(RECORDS SHOWN Opens)
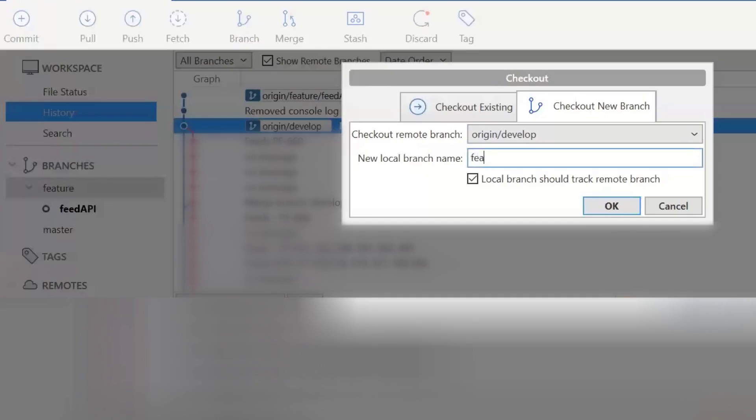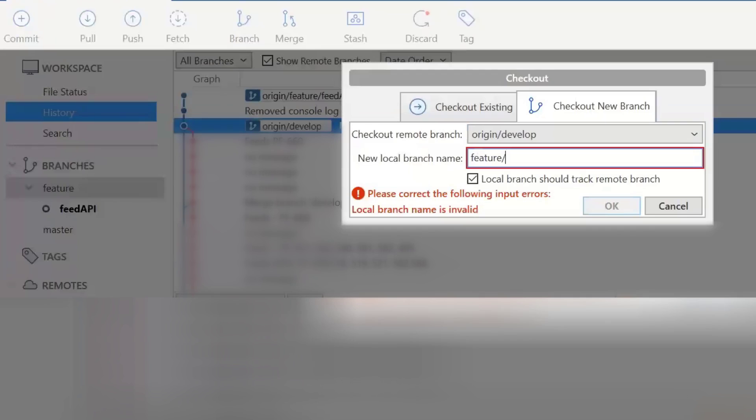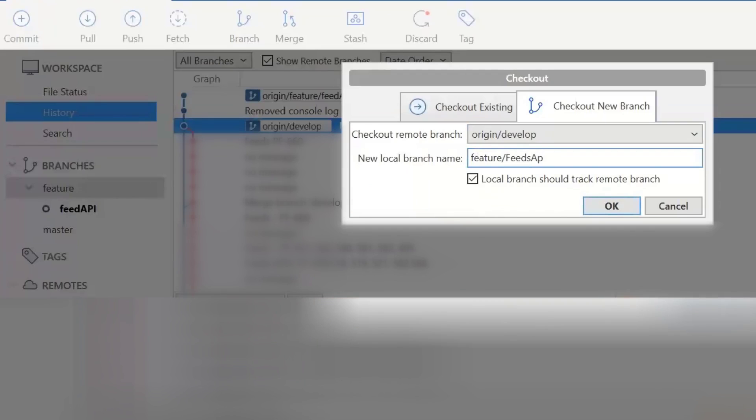I am giving the name of the feature story, what is the story which I'm going to test. So here this is the story which I'm going to test, that's why I'm giving the feature branch name as this.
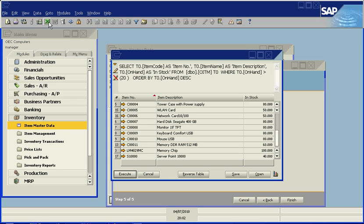Thank you for watching this brief demonstration of the SAP Query Wizard. It's a very powerful, useful tool that allows users the ability to go in and create their own reports within Business 1, share them, export them, utilize them for other functions in Business 1.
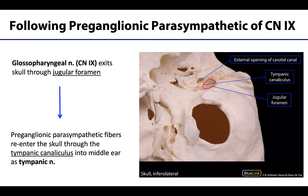After exiting the jugular foramen, those pre-ganglionic parasympathetic fibers are going to start heading for their target, but via a very complex route. These fibers coalesce and form a nerve referred to as the tympanic nerve, which will actually re-enter the skull via the tympanic canaliculus.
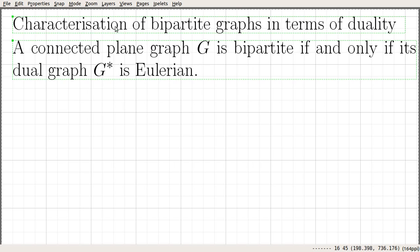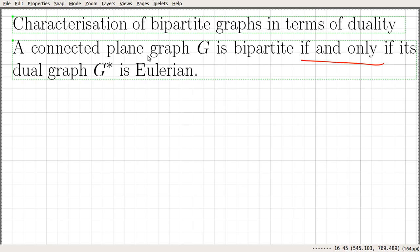In this video, we are going to prove a characterization of bipartite graphs in terms of duality. The statement reads as follows: a connected plane graph G is bipartite if and only if its dual graph G star is Eulerian. Here we can see that the statement is in if and only if form, so we have to prove both directions. Let's go and prove both directions.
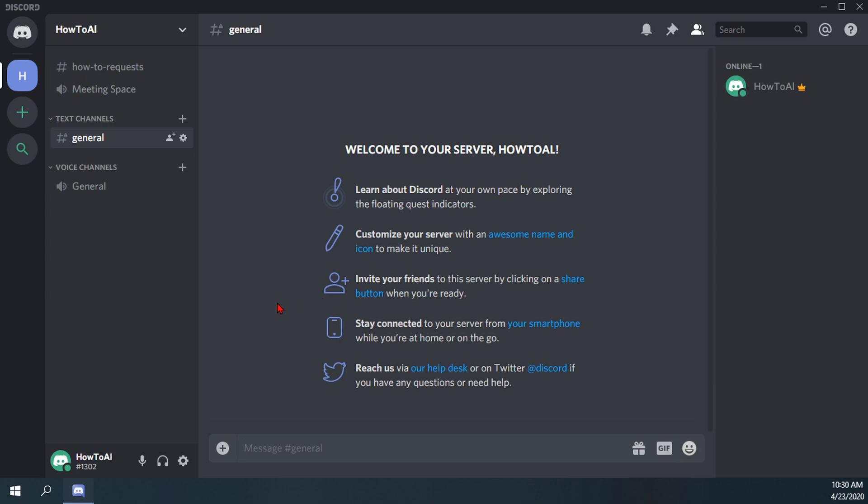So that is how you create an NSFW text channel in Discord. Thank you.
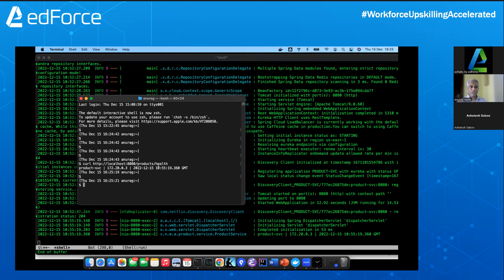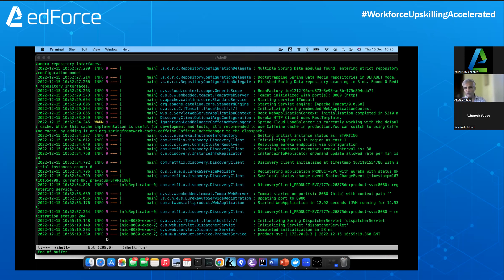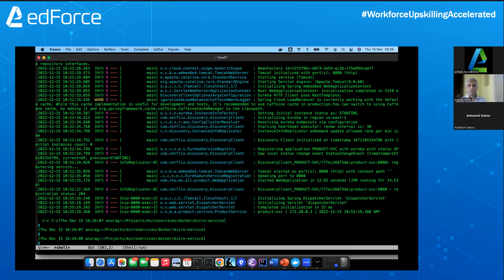On this machine I can easily start seven or eight containers without issues. Because I'm using Docker containers rather than virtual machines, I can simulate a complete distributed system on my laptop. Developers, QA engineers, or anyone wanting to work with the full system can do so locally using Docker containers.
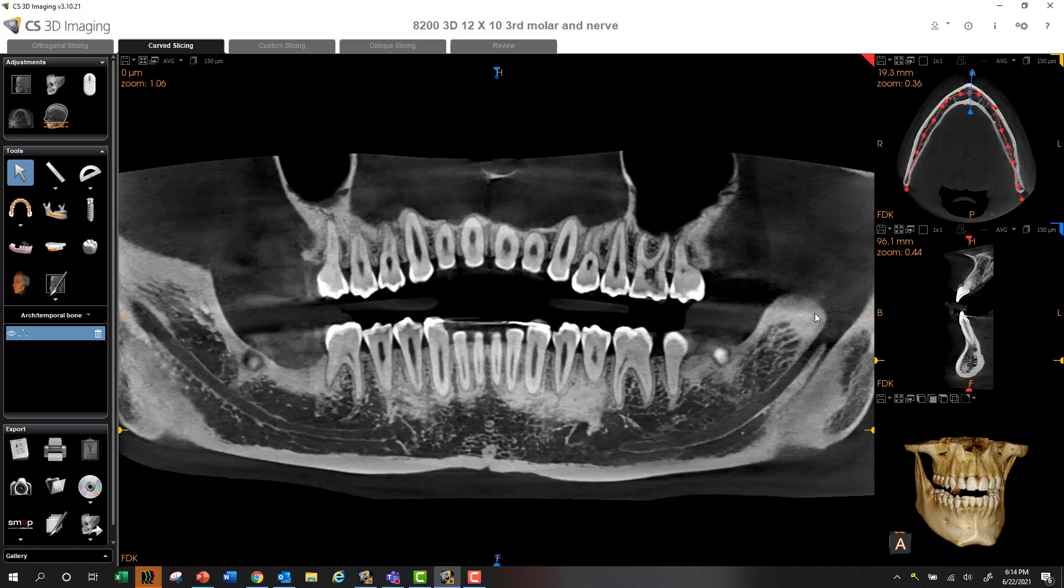You might need to scroll just a little bit to capture the mental foramen, but for the most part, the entire nerve is in full display. Either technique works, and there are others as well, but it's really up to you. So hope this helps. We'll see you later.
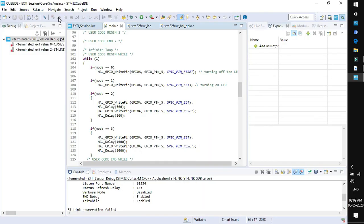This was the demonstration of GPIO pin configured as external interrupt. Whenever I am pressing the button, it is generating an interrupt to the processor, and the processor is executing the task defined by us. That's all for this session. See you in the next one.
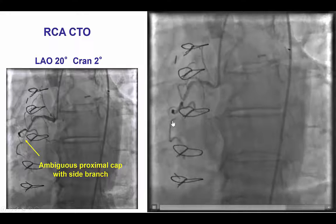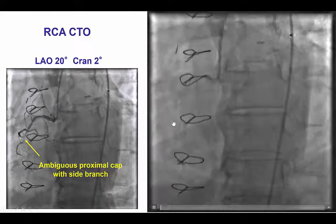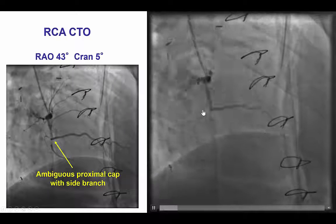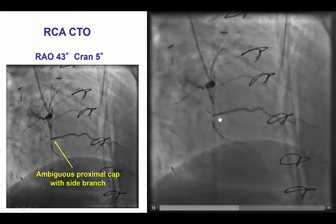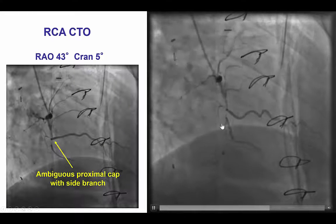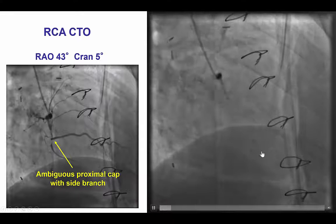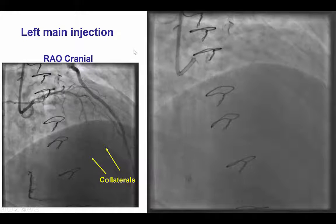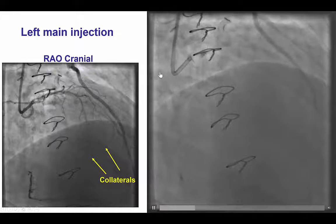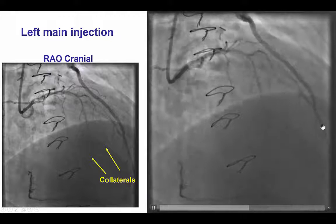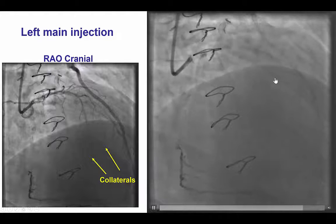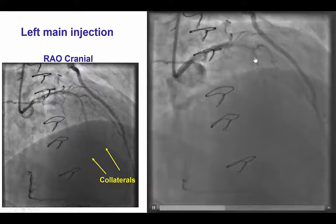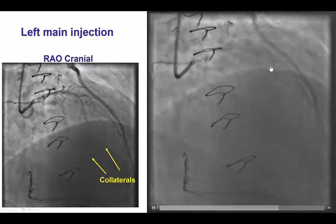The mid-RCA was occluded at the takeoff of an acute marginal branch. This was seen in the RAO view, in which the vessel ends essentially at the acute marginal takeoff, with severe calcification before and after the occlusion. The mid-LAD was filling via LIMA graft, and there was also antegrade flow from the left main, with significant disease in the LAD.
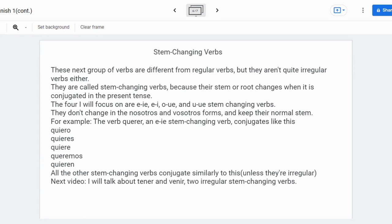It even works for o to ue stem-changing verbs, like contar, meaning to count: yo cuento, tú cuentas, él/ella/usted cuenta, nosotros contamos, vosotros contáis, ellos/ellas/ustedes cuentan.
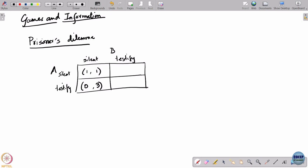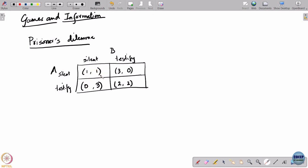Symmetrically, if A stays silent and B testifies against A, then A will get 3 years in jail and B will go free. And if both testify, then both would get 2 years in jail. You can see that no player has a clearly well-defined objective because the number of years he gets in jail depends not just on what he chooses to do, but also on what the other player chooses. This is the case for each player, so there is a linking of decisions happening here.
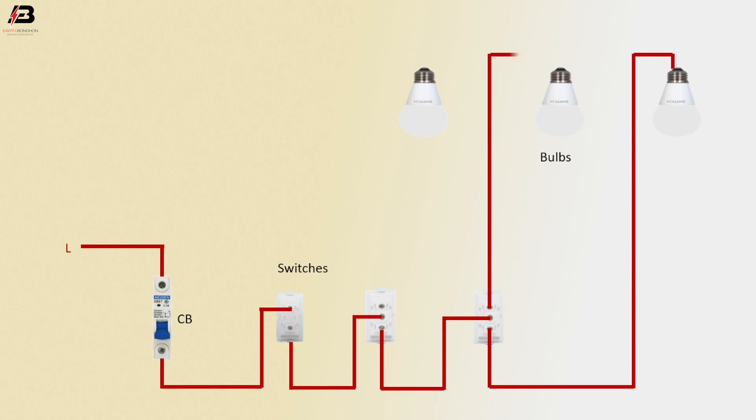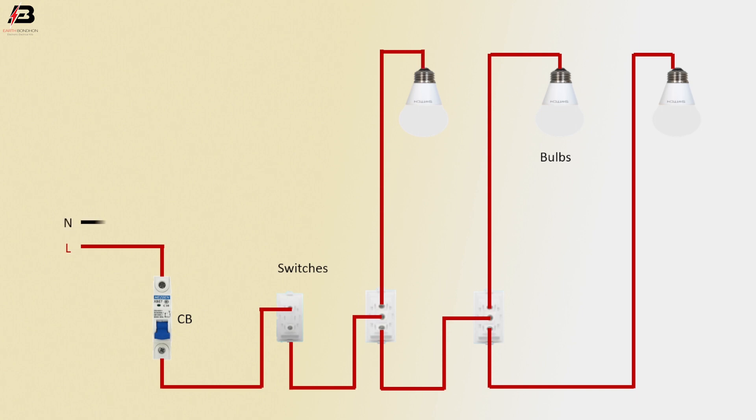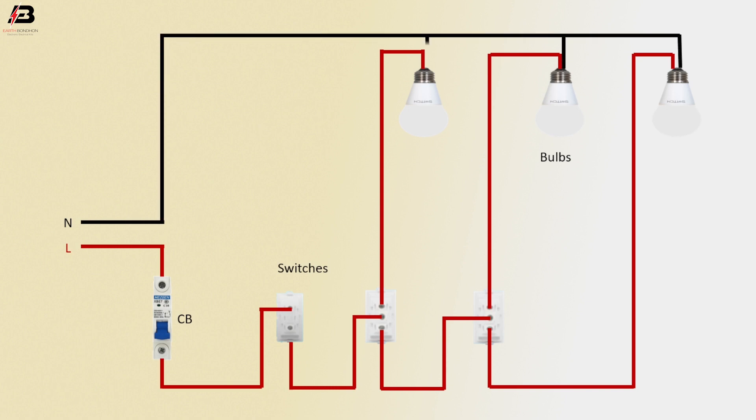Press connection from switch 3 L1 terminal to bulb 2. Press connection from switch 2 L1 terminal to bulb 1. Neutral connection connected to all load bulb 1, 2, and 3.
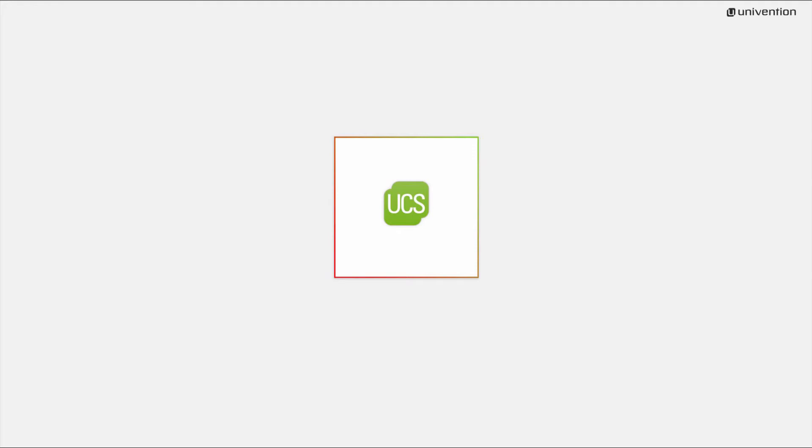Welcome to our video guide on how to install Univention Corporate Server. At univention.com you can download UCS as an ISO or VMware image or start it as an EC2 image for Amazon Web Services.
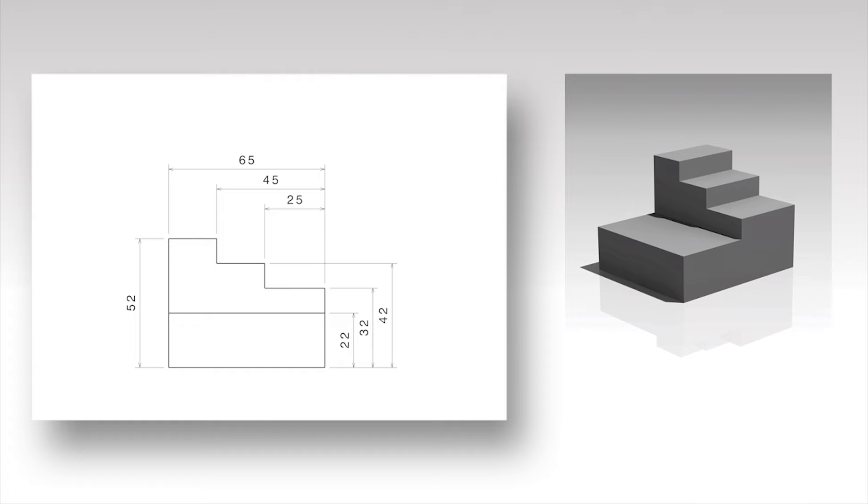Dimensions are drawn using the following rules. The numeral should have a size of about 3.5 mm.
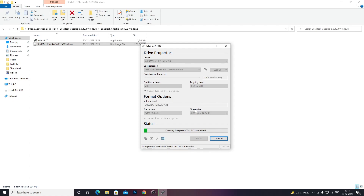Make sure to back up your pen drive if there are any important files, as this process will erase everything on it.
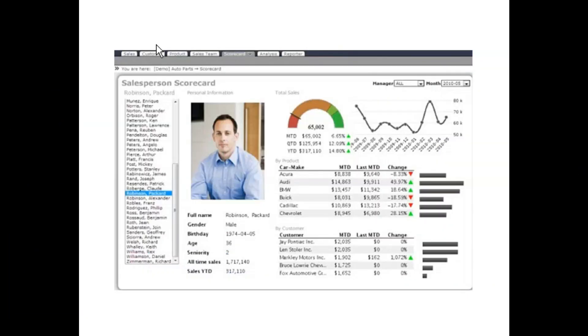We're back for the second video in the Excel Extreme series. Before we get started on the recreation, I want to talk through the scorecard we're going to be recreating and some elements and how I'm going to recreate them in Excel.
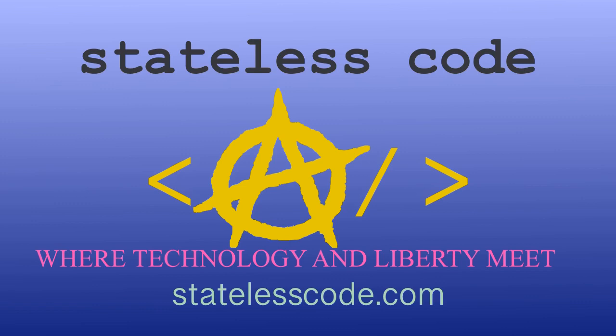Thanks for watching this Stateless Codecast. Be sure to like, comment, subscribe, and spread the word. You can follow us on social media at Stateless Code. Until next time, keep coding and don't aggress against peaceful people or vote for others to do so on your behalf.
(RECORDS SHOWN Closes)
TASK INSTRUCTIONS
Pictures stay out, but everything else in the records must be output exactly.

WRITTEN REPLY
I am giving the name of the feature story, what is the story which I'm going to test. So here this is the story which I'm going to test, that's why I'm giving the feature branch name as this.
Thank you for watching this brief demonstration of the SAP Query Wizard. It's a very powerful, useful tool that allows users the ability to go in and create their own reports within Business 1, share them, export them, utilize them for other functions in Business 1.
After exiting the jugular foramen, those pre-ganglionic parasympathetic fibers are going to start heading for their target, but via a very complex route. These fibers coalesce and form a nerve referred to as the tympanic nerve, which will actually re-enter the skull via the tympanic canaliculus.
In this video, we are going to prove a characterization of bipartite graphs in terms of duality. The statement reads as follows: a connected plane graph G is bipartite if and only if its dual graph G star is Eulerian. Here we can see that the statement is in if and only if form, so we have to prove both directions. Let's go and prove both directions.
So that is how you create an NSFW text channel in Discord. Thank you.
On this machine I can easily start seven or eight containers without issues. Because I'm using Docker containers rather than virtual machines, I can simulate a complete distributed system on my laptop. Developers, QA engineers, or anyone wanting to work with the full system can do so locally using Docker containers.
You might need to scroll just a little bit to capture the mental foramen, but for the most part, the entire nerve is in full display. Either technique works, and there are others as well, but it's really up to you. So hope this helps. We'll see you later.
This was the demonstration of GPIO pin configured as external interrupt. Whenever I am pressing the button, it is generating an interrupt to the processor, and the processor is executing the task defined by us. That's all for this session. See you in the next one.
The mid-RCA was occluded at the takeoff of an acute marginal branch. This was seen in the RAO view, in which the vessel ends essentially at the acute marginal takeoff, with severe calcification before and after the occlusion. The mid-LAD was filling via LIMA graft, and there was also antegrade flow from the left main, with significant disease in the LAD.
It even works for o to ue stem-changing verbs, like contar, meaning to count: yo cuento, tú cuentas, él/ella/usted cuenta, nosotros contamos, vosotros contáis, ellos/ellas/ustedes cuentan.
Symmetrically, if A stays silent and B testifies against A, then A will get 3 years in jail and B will go free. And if both testify, then both would get 2 years in jail. You can see that no player has a clearly well-defined objective because the number of years he gets in jail depends not just on what he chooses to do, but also on what the other player chooses. This is the case for each player, so there is a linking of decisions happening here.
Press connection from switch 3 L1 terminal to bulb 2. Press connection from switch 2 L1 terminal to bulb 1. Neutral connection connected to all load bulb 1, 2, and 3.
Welcome to our video guide on how to install Univention Corporate Server. At univention.com you can download UCS as an ISO or VMware image or start it as an EC2 image for Amazon Web Services.
Dimensions are drawn using the following rules. The numeral should have a size of about 3.5 mm.
Make sure to back up your pen drive if there are any important files, as this process will erase everything on it.
We're back for the second video in the Excel Extreme series. Before we get started on the recreation, I want to talk through the scorecard we're going to be recreating and some elements and how I'm going to recreate them in Excel.
Thanks for watching this Stateless Codecast. Be sure to like, comment, subscribe, and spread the word. You can follow us on social media at Stateless Code. Until next time, keep coding and don't aggress against peaceful people or vote for others to do so on your behalf.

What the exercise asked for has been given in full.